__What to produce__
Since the pictures are not wanted, copy only the text of every record exactly.

** Opening Dataset extract block **

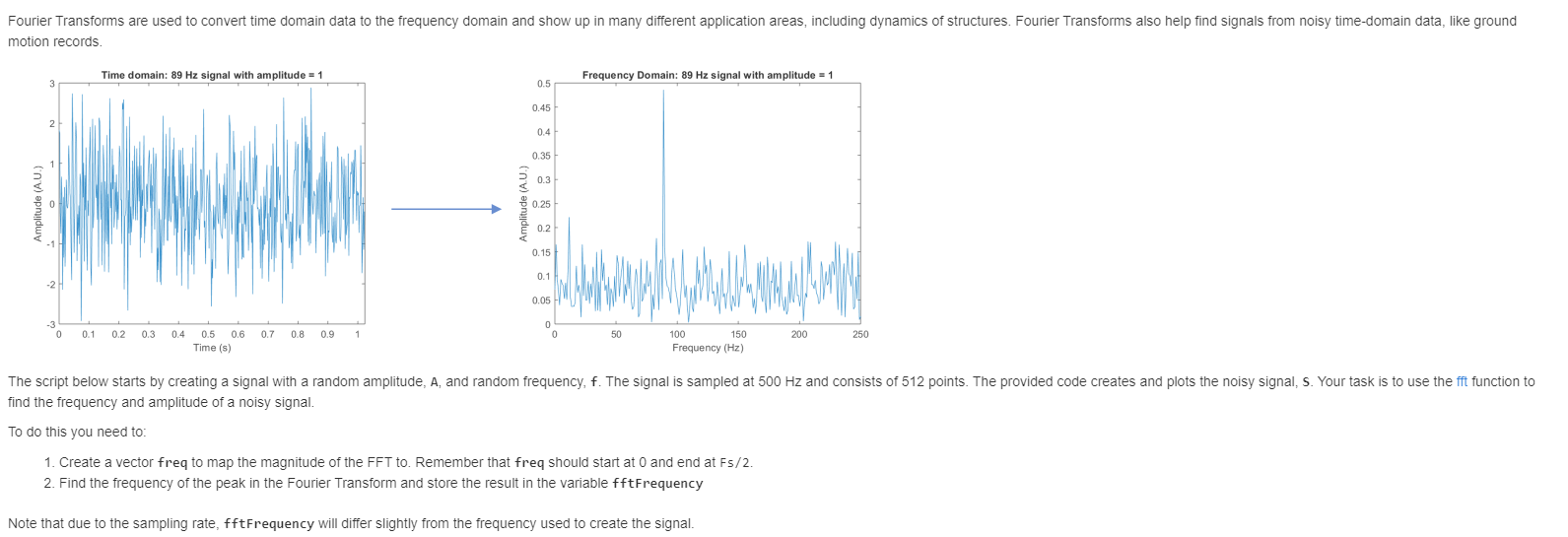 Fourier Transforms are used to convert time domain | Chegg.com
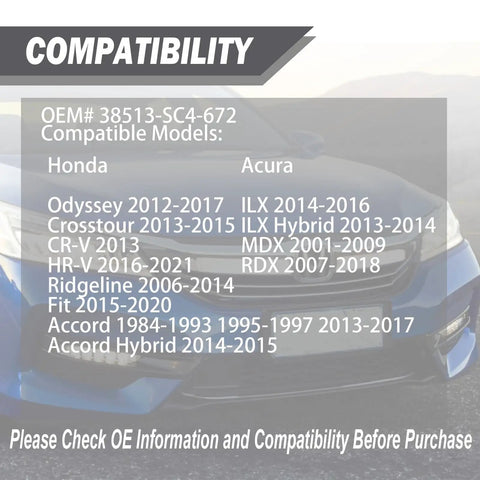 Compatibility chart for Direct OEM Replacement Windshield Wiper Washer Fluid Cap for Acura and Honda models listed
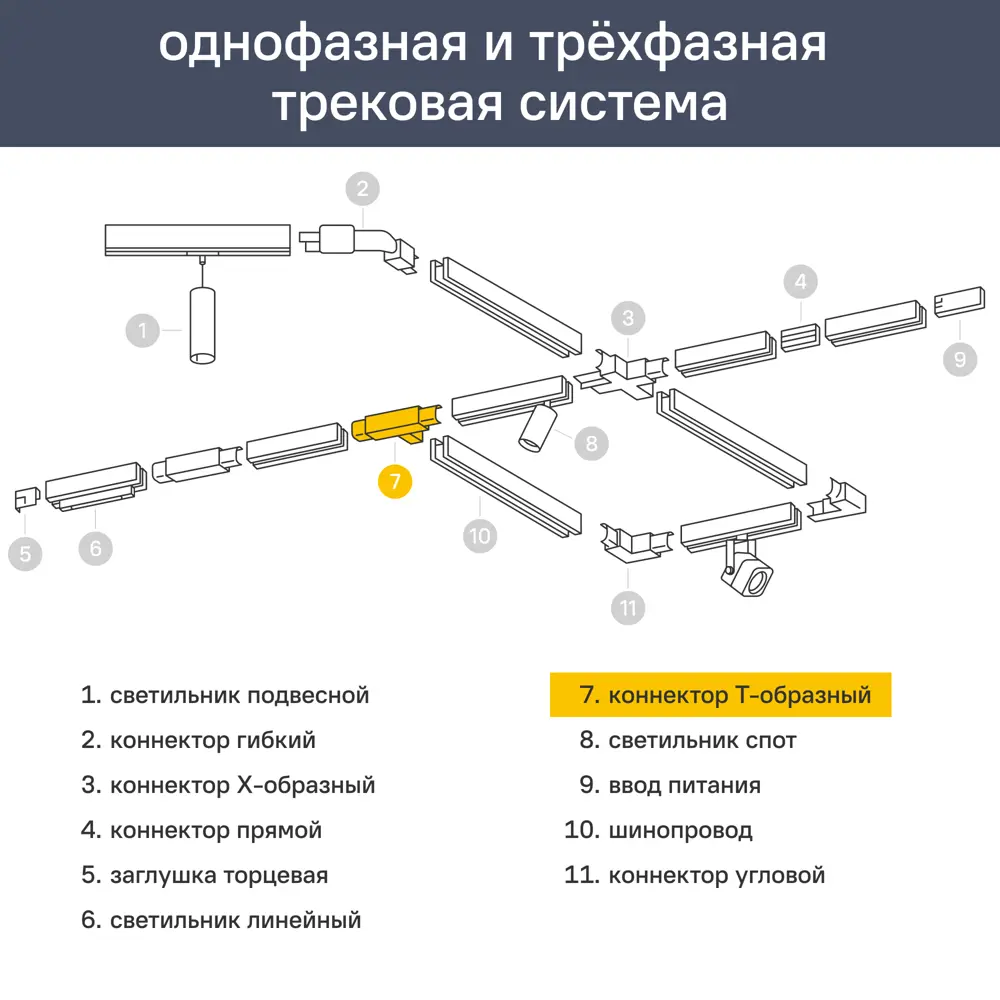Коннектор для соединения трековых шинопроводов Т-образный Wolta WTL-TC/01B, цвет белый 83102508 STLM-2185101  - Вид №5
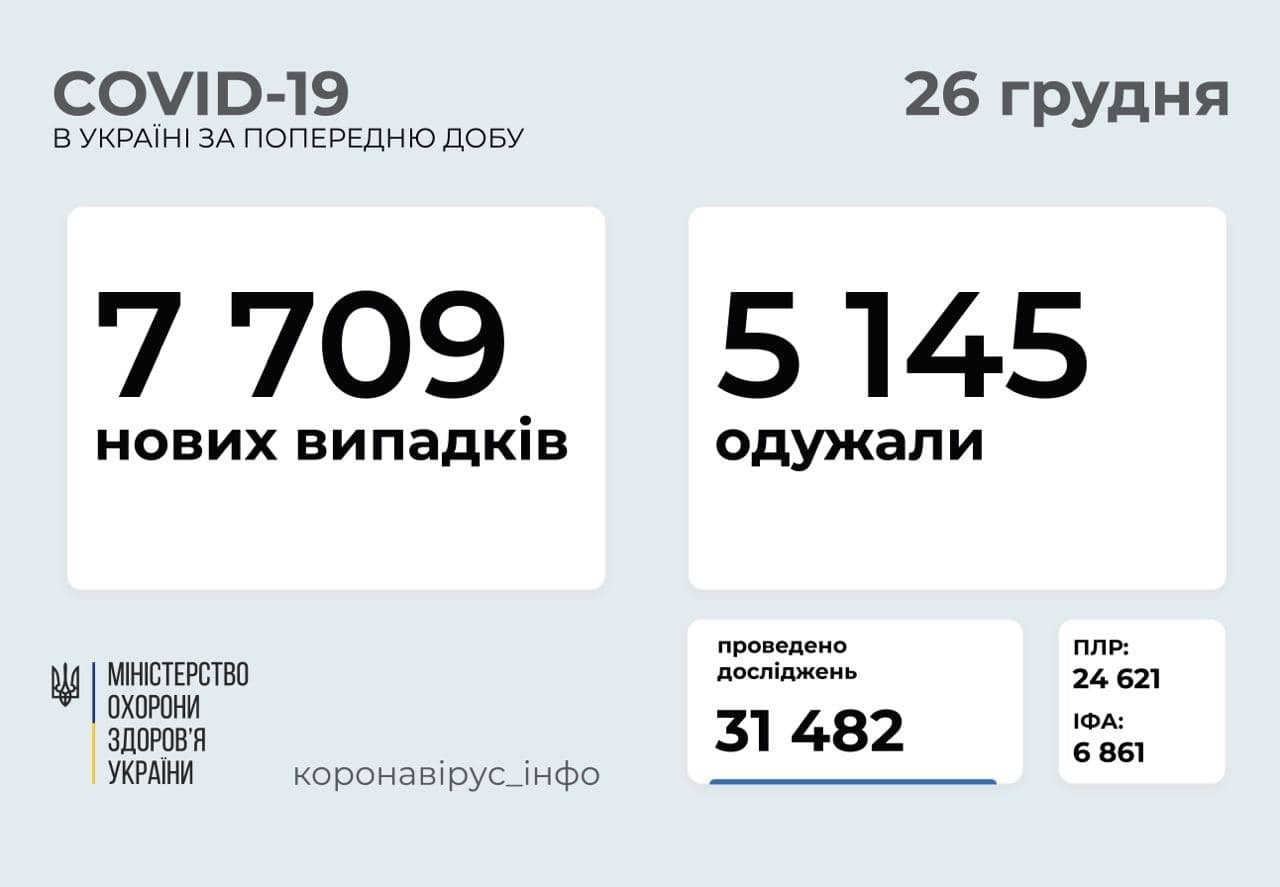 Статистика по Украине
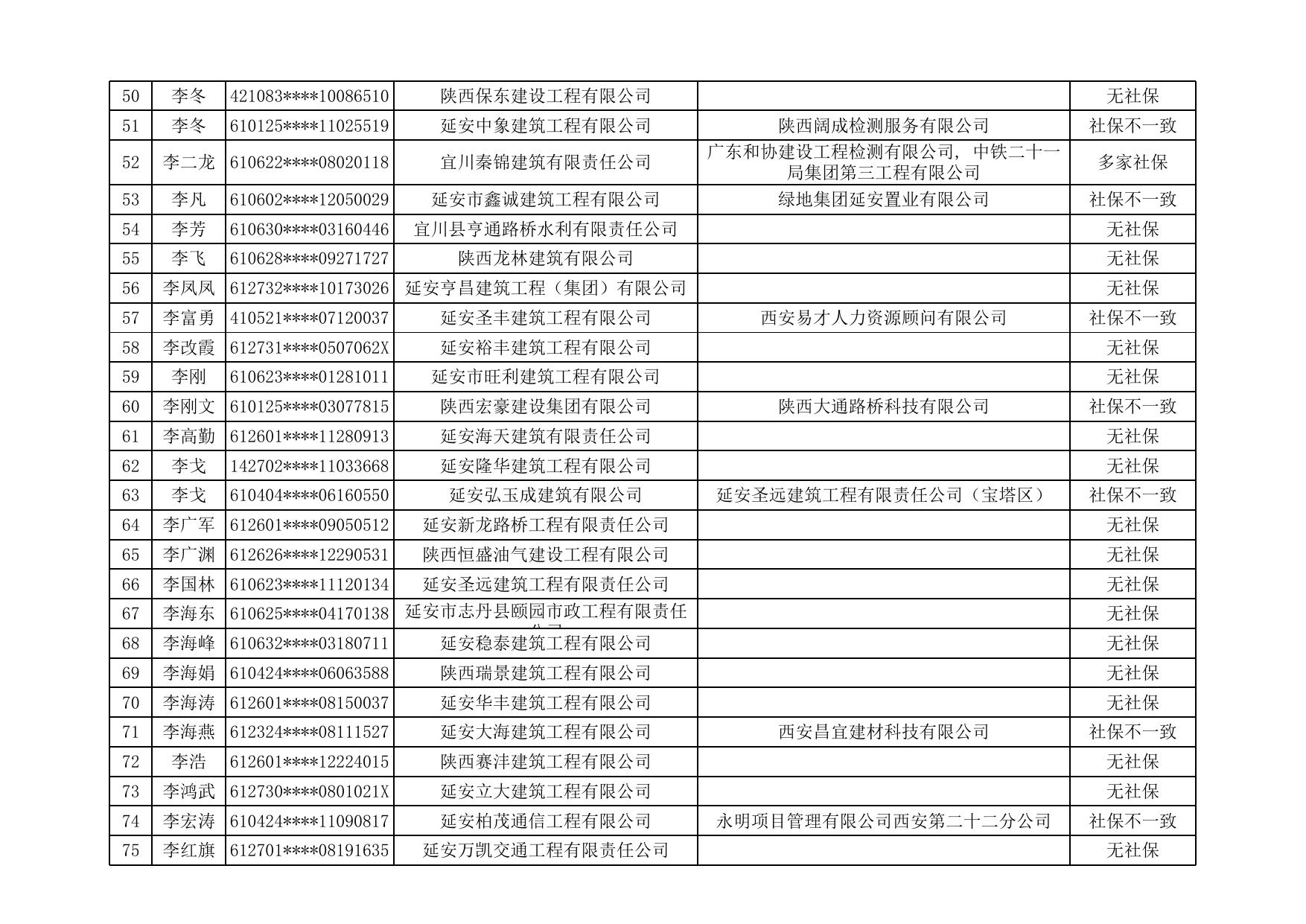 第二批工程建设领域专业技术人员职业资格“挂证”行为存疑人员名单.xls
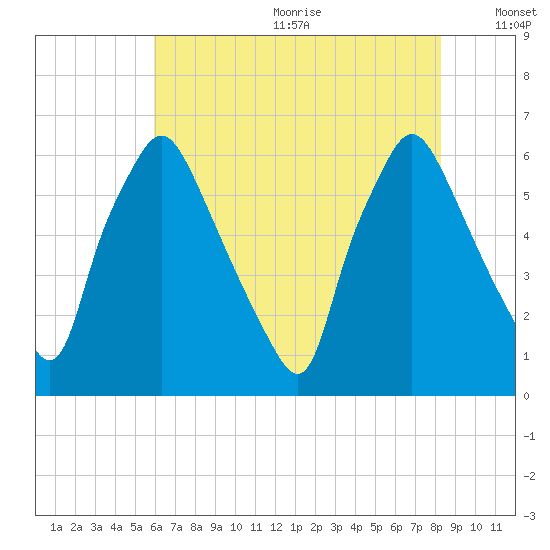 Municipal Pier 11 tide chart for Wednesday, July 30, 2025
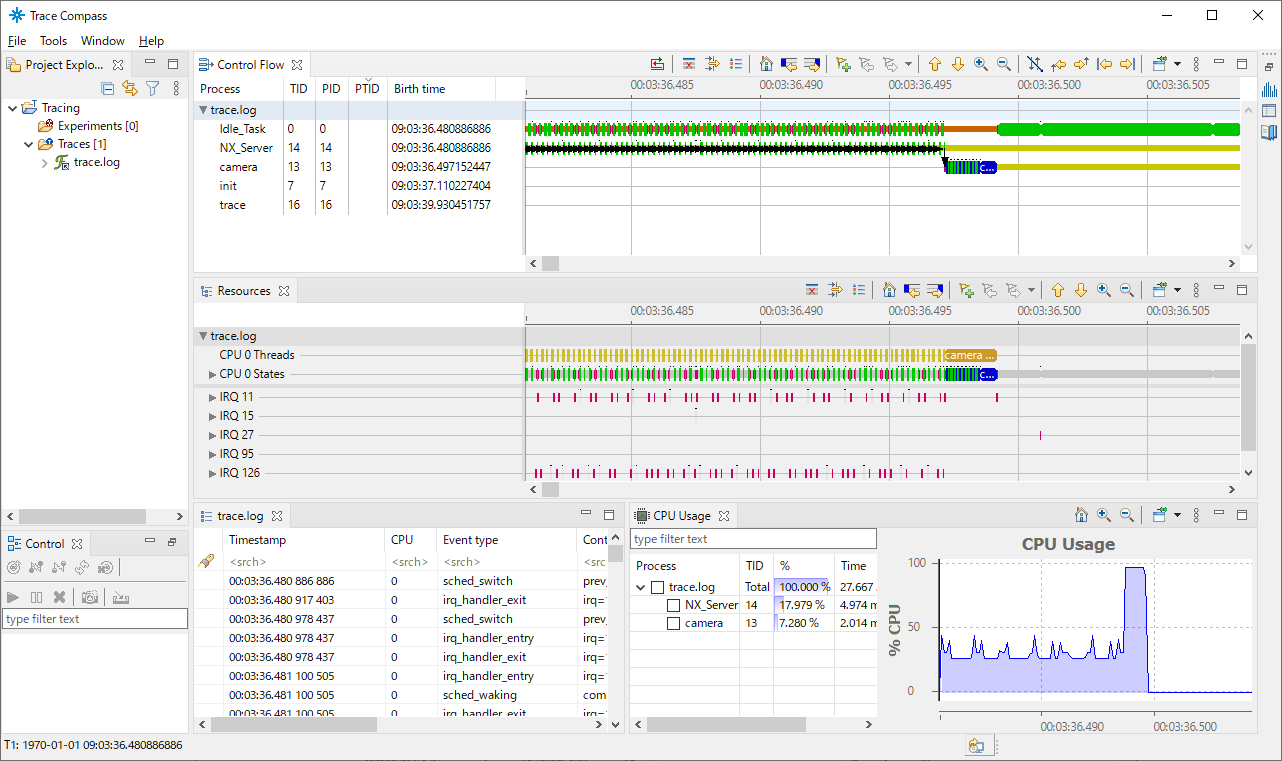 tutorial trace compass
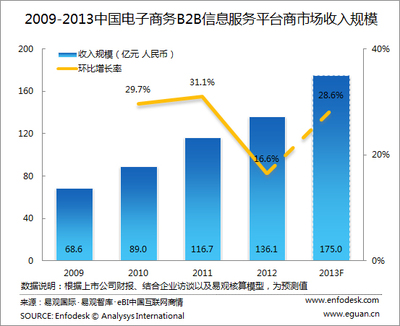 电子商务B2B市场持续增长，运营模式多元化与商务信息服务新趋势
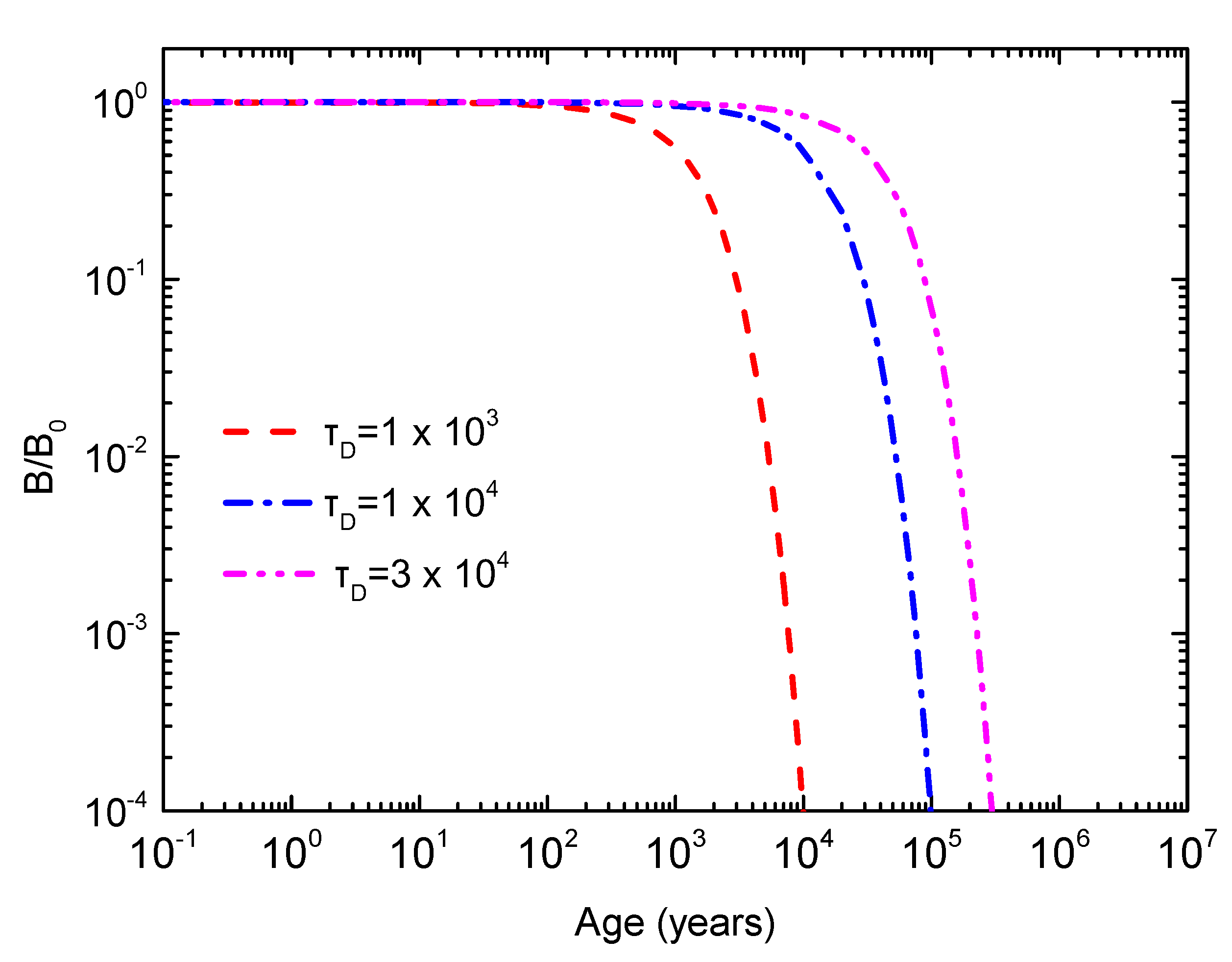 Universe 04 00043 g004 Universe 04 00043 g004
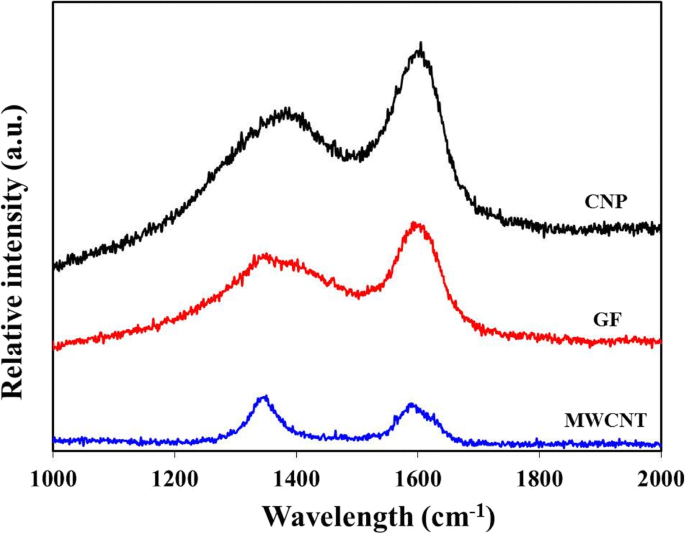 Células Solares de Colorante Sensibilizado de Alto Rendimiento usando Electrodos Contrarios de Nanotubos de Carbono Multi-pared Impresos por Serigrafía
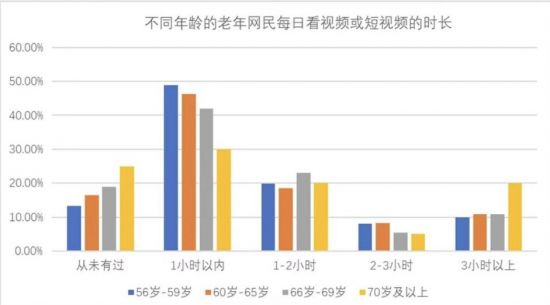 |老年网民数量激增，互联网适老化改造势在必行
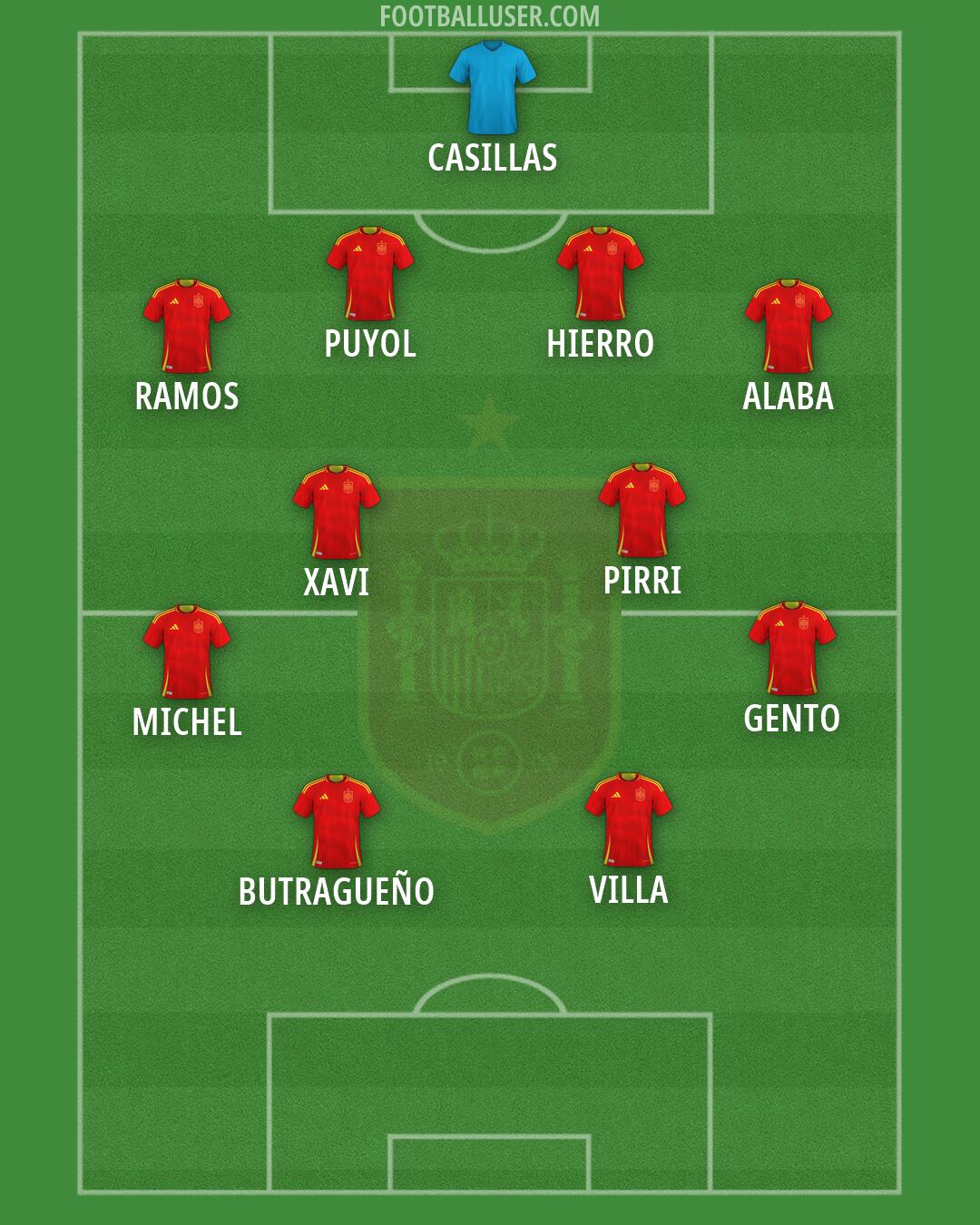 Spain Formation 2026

** Closing Dataset extract block **

__Reply__
 Fourier Transforms are used to convert time domain | Chegg.com
 Compatibility chart for Direct OEM Replacement Windshield Wiper Washer Fluid Cap for Acura and Honda models listed
Коннектор для соединения трековых шинопроводов Т-образный Wolta WTL-TC/01B, цвет белый 83102508 STLM-2185101  - Вид №5
 Статистика по Украине
 第二批工程建设领域专业技术人员职业资格“挂证”行为存疑人员名单.xls
 Municipal Pier 11 tide chart for Wednesday, July 30, 2025
 tutorial trace compass
 电子商务B2B市场持续增长，运营模式多元化与商务信息服务新趋势
 Universe 04 00043 g004 Universe 04 00043 g004
 Células Solares de Colorante Sensibilizado de Alto Rendimiento usando Electrodos Contrarios de Nanotubos de Carbono Multi-pared Impresos por Serigrafía
 |老年网民数量激增，互联网适老化改造势在必行
 Spain Formation 2026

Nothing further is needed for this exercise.